═════ Material for this exercise
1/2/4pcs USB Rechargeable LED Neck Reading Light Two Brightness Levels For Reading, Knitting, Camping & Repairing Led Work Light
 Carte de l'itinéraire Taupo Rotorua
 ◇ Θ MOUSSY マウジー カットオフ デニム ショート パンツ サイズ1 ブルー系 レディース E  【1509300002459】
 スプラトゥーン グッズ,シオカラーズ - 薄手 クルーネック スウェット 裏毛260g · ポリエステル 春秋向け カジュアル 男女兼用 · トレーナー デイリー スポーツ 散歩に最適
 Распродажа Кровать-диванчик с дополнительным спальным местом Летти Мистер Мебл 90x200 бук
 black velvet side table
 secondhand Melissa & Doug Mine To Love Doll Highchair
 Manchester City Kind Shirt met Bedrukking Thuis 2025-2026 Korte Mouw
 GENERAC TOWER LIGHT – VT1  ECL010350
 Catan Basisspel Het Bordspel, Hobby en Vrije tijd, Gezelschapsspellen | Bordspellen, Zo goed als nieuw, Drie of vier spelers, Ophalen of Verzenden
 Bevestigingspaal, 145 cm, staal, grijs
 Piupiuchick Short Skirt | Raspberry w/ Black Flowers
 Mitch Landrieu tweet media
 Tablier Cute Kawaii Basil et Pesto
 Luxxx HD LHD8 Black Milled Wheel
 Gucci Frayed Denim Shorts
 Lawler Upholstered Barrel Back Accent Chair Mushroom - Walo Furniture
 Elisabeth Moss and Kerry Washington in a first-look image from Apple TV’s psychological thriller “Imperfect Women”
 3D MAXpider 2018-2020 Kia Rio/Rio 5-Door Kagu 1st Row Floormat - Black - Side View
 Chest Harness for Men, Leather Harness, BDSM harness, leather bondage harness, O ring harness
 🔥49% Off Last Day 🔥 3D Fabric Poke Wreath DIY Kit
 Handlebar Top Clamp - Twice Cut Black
══════════
Task prompt: From the first line of the listing above through the line that contains "Piupiuchick Short Skirt", set down each line without alteration, and nothing else.

Result below:
1/2/4pcs USB Rechargeable LED Neck Reading Light Two Brightness Levels For Reading, Knitting, Camping & Repairing Led Work Light
 Carte de l'itinéraire Taupo Rotorua
 ◇ Θ MOUSSY マウジー カットオフ デニム ショート パンツ サイズ1 ブルー系 レディース E  【1509300002459】
 スプラトゥーン グッズ,シオカラーズ - 薄手 クルーネック スウェット 裏毛260g · ポリエステル 春秋向け カジュアル 男女兼用 · トレーナー デイリー スポーツ 散歩に最適
 Распродажа Кровать-диванчик с дополнительным спальным местом Летти Мистер Мебл 90x200 бук
 black velvet side table
 secondhand Melissa & Doug Mine To Love Doll Highchair
 Manchester City Kind Shirt met Bedrukking Thuis 2025-2026 Korte Mouw
 GENERAC TOWER LIGHT – VT1  ECL010350
 Catan Basisspel Het Bordspel, Hobby en Vrije tijd, Gezelschapsspellen | Bordspellen, Zo goed als nieuw, Drie of vier spelers, Ophalen of Verzenden
 Bevestigingspaal, 145 cm, staal, grijs
 Piupiuchick Short Skirt | Raspberry w/ Black Flowers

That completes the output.